Dès lors qu’It Follows embrasse cette urbanité détruite comme une allégorie de la déconstruction mentale de ses personnages, Détroit devient le parfait écrin. Exit donc les films réalistes, qui n’utilisent Détroit que pour ce qu’elle est, historiquement, socialement et architecturalement. Derrière les ruines se jouent bien plus qu’un drame social: une ville fantasme.

Ville fantôme post crise

De cette ville, dit Ryan Golsing, «quelque chose de surréaliste s’échappe, les gens ont l’air d’être les derniers survivants sur Terre, comme errant dans la 4e dimension. Dans les lieux dévastés, la part la plus sombre des hommes s’exprime. Détroit, c’est un conte de fées macabre, c’est la demoiselle en détresse qui attend d’être sauvée».
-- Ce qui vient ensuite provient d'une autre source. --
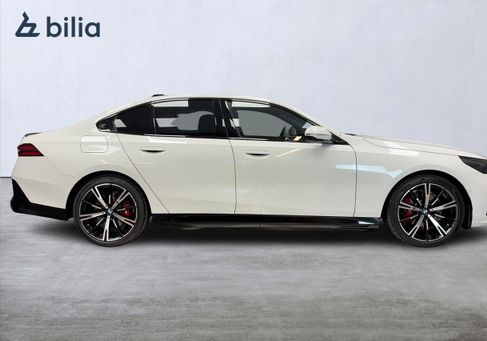 BMW 550, 2026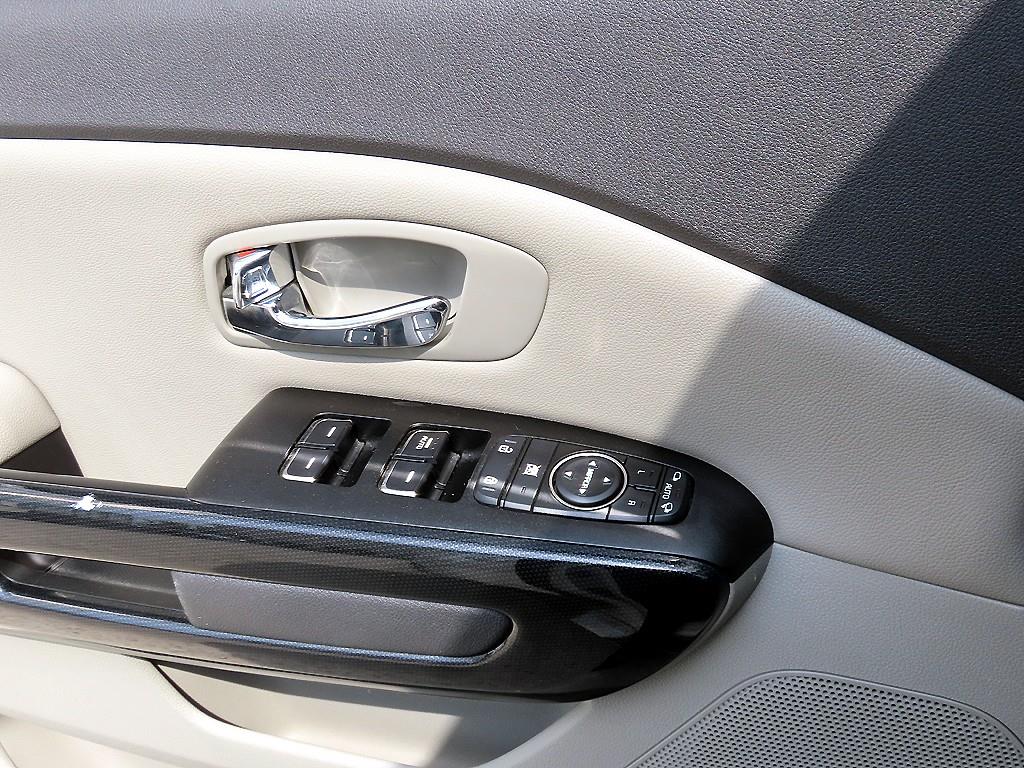 KIA Carnival - Vista 11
Détroit, c’est un conte de fées macabre

Ryan Gosling

Depuis la crise financière, qui a produit à Détroit un exode massif et une précarité inédite dans un pays industrialisé, les cinéastes y ont décelé une nouvelle dimension. 
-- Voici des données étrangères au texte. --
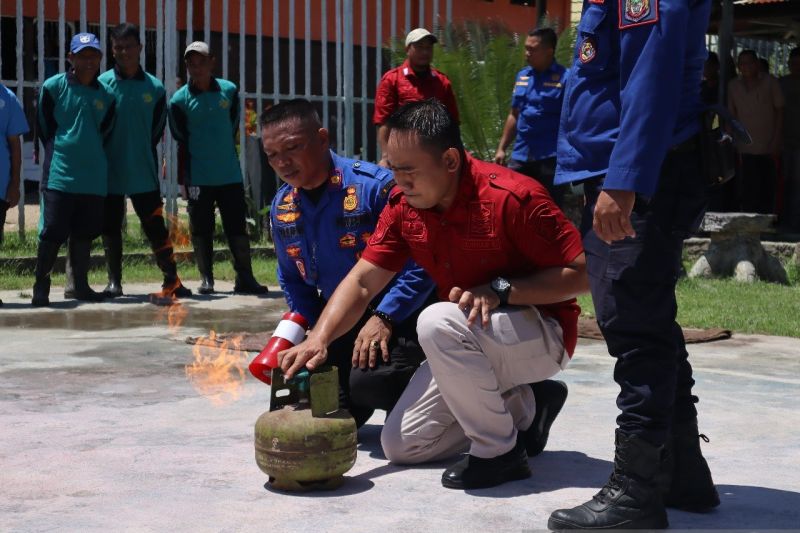 Simulasi Penanganan Kebakaran di Lapas Gorontalo untuk Tingkatkan Kesiapsiagaan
Pour le réalisateur de Lost River, la ville s’est métamorphosée en décor onirique ou cauchemardesque, porteur d’un surnaturel inattendu. 

Cette atmosphère fantomatique avait déjà été saisie par Jim Jarmusch dans Only Lovers left Alive. Dans ce film de vampires, Détroit symbolise tous les empires qui l’ont précédés, grandioses avant la chute. La longévité des héros leur permettant d’observer des cycles séculaires, la ville devient le sujet d’une réflexion métaphysique sur l’homme et ses rêves de démesure. Alors même qu’elle est privée de nombre de ses habitants, elle est le lieu de vie d’un couple de suceurs de sang, fantômes d’un autre temps jetant sur ces ruines un regard désabusé.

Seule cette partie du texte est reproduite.